■ Problem description ■
In the material below, find the line containing "Courbe de l'humidit" and the line containing "BOURSE DIRECT - Hebdomadaire", then reproduce exactly both of them and every line between, and nothing else.

■ Source material ■

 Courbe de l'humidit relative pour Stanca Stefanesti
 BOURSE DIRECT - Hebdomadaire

--

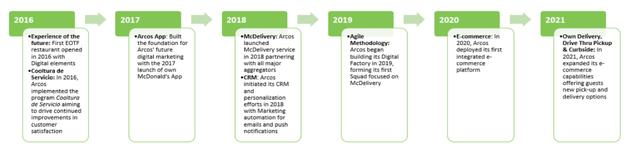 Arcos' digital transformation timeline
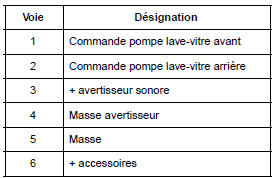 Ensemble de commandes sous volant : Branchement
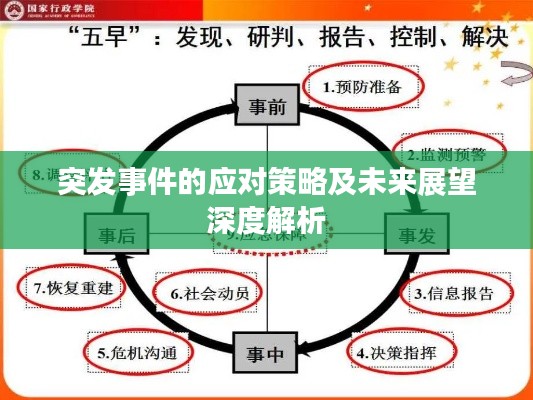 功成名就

■ Solution to this exercise ■
 Courbe de l'humidit relative pour Stanca Stefanesti
 BOURSE DIRECT - Hebdomadaire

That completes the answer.